Furthermore, increasing the value of a company would increase the value of rival index funds which leads to a free-rider issue. Each fund will believe the other will do the work and will not have to contribute their own resources
The business relationships between the fund managers and corporate managers lead to index funds being deferential in their voting patterns. Since the funds are invested in a large number of companies, taking non-deferential action would incur significant additional costs and paperwork. At the same time, taking more active action would put the fund managers in sight of a management backlash.
As the influence of index funds grows, there is “the risk that their potential stewardship activities could pose a threat to incumbents’ power and interests”. This may lead to a regulatory backlash as the public resists the concentration of financial power.
The research suggests that the income devoted towards stewardship is negligible, limiting ability to cursory stewardship for most companies. The research estimated that funds have less than 0.2% of the fees received directed to their stewardship departments. Engagement levels are also low, with an average of less than 4% of the portfolio companies subject to multiple engagements and over 90% of the portfolio companies not subject to any private engagements. While the funds do employ proxy advisors, they have stressed that the final decisions are made by themselves.
This lack of focus on stewardship reveals the aspects that the funds have failed to undertake adequately. They pay limited attention to business performance, the choice of individual directors and important characteristics of said directors. They fail to bring about improvements favoured by their own governance principles and are passive on governance reforms. Index funds have passed on all opportunities to influence consequential securities litigation, refraining from taking on lead plaintiff positions in security class actions, despite the fact they have substantial skin in the game.
The report proposes reforms that would increase incentives for index funds to be more active in stewardship. They do not see the value of stripping voting power altogether or transferring the voting rights to investors. A recommendation proposed would be to charge stewardship cost towards the index fund. This would remove the perception of the stewardship department as a cost centre and ensure costs are borne by investors.

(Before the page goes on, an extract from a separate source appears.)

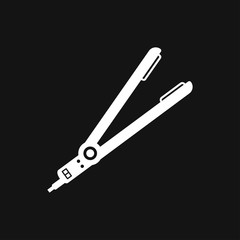 Hair straighten icon. Female accessories icons for mobile concept and logo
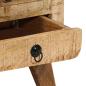 Preview: Nachttisch 37x32x50 cm Raues Massivholz Mango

To tackle the free-rider issue, the report puts forward the benefits of proxy advisors allowing fund managers to share in the costs. However, the additional filing would depend on a change in policy to encourage pooling. There can also be a policy to mandate minimum stewardship expenses, based on a fraction of the indexed assets under management. Regulators could also consider limiting or fully disclosing the relationships between fund managers and portfolio companies. This would ensure that information flows reach the public, creating more transparency on voting decisions and reducing information asymmetry. As their influence is expected to grow further, a limit on the ownership by any one fund would break up the sector. This would reduce the required filings and investment risks.